---- Recorded information

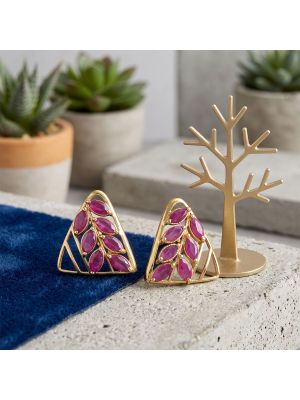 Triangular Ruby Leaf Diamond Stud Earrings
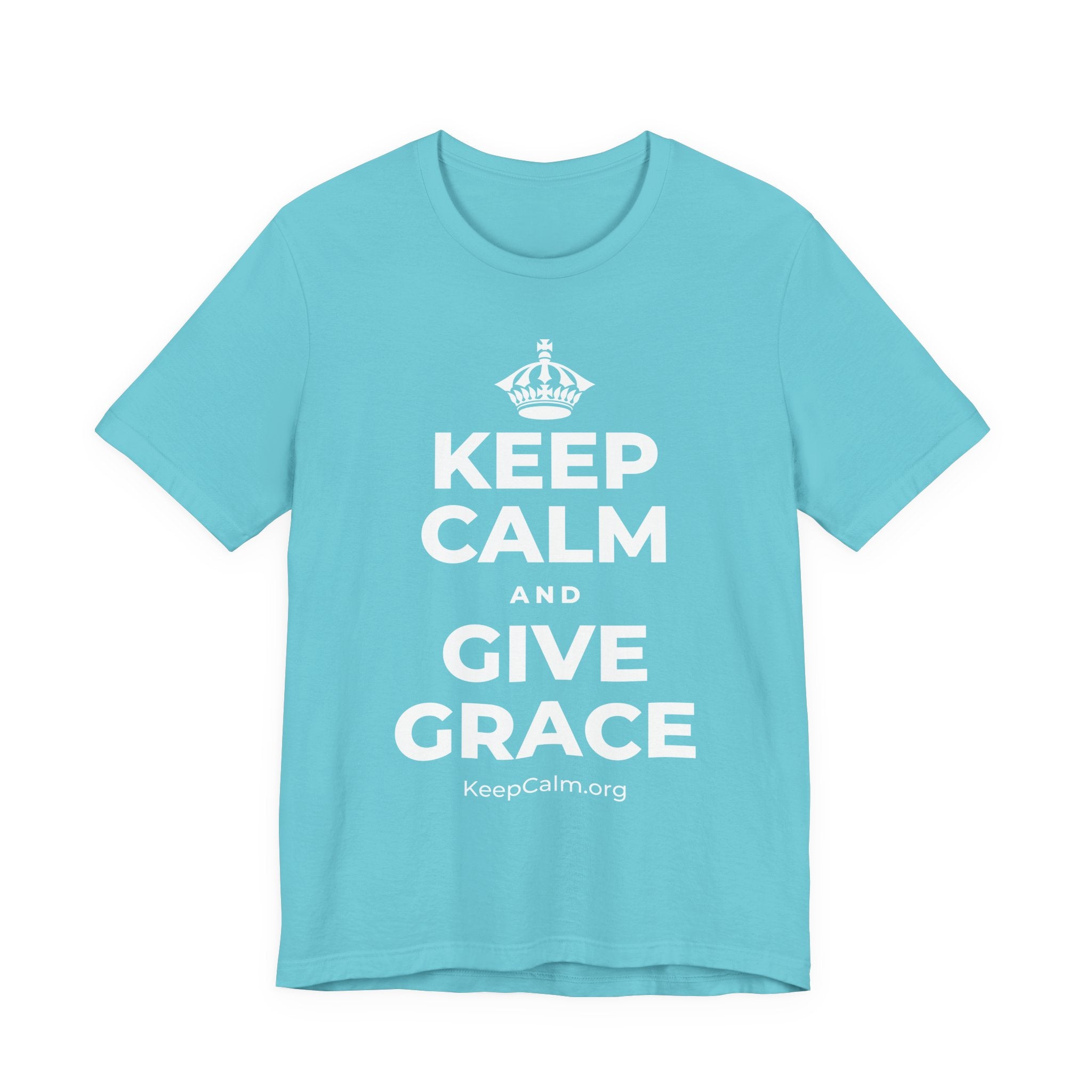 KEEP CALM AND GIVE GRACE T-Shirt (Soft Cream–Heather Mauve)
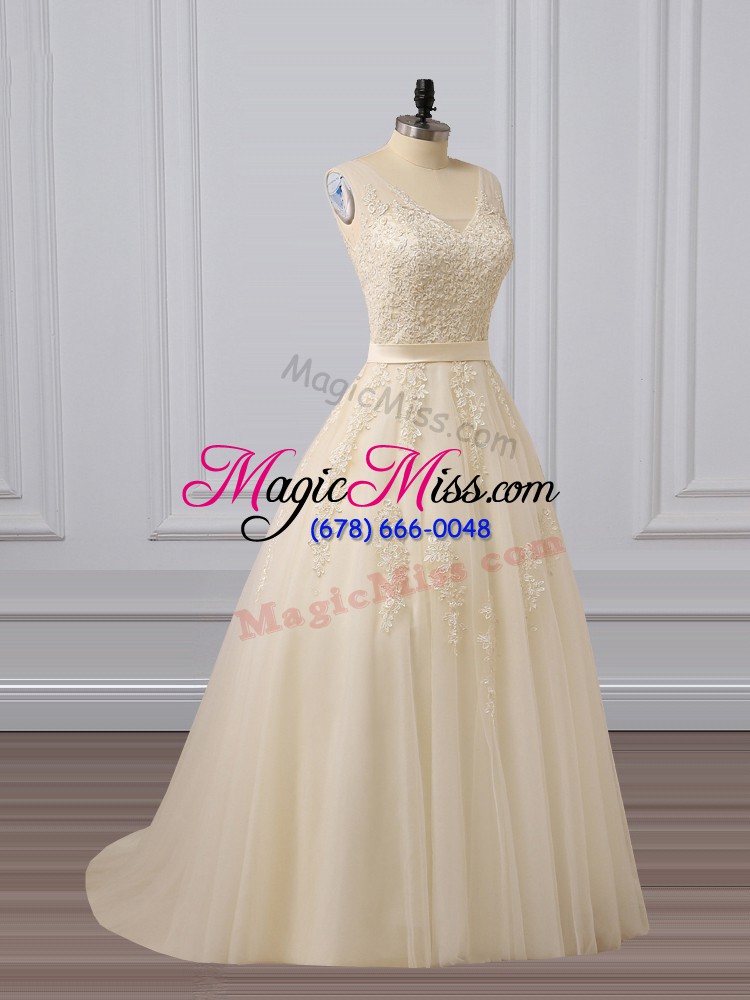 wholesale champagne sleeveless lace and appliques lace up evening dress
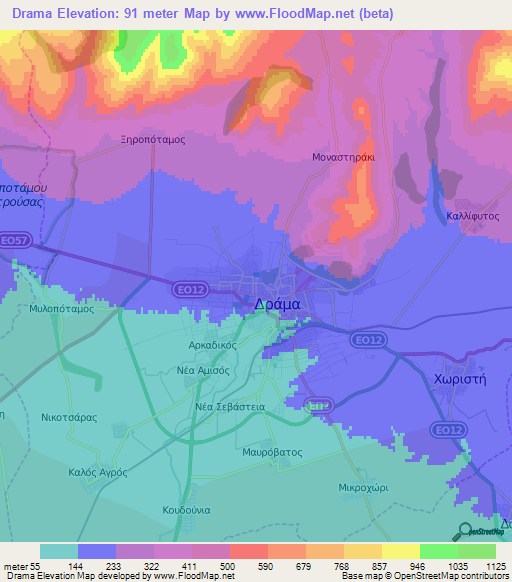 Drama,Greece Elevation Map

--------

== Your task ==
Would you output the data exactly, without any of its images?

== Output ==
 Triangular Ruby Leaf Diamond Stud Earrings
 KEEP CALM AND GIVE GRACE T-Shirt (Soft Cream–Heather Mauve)
 wholesale champagne sleeveless lace and appliques lace up evening dress
 Drama,Greece Elevation Map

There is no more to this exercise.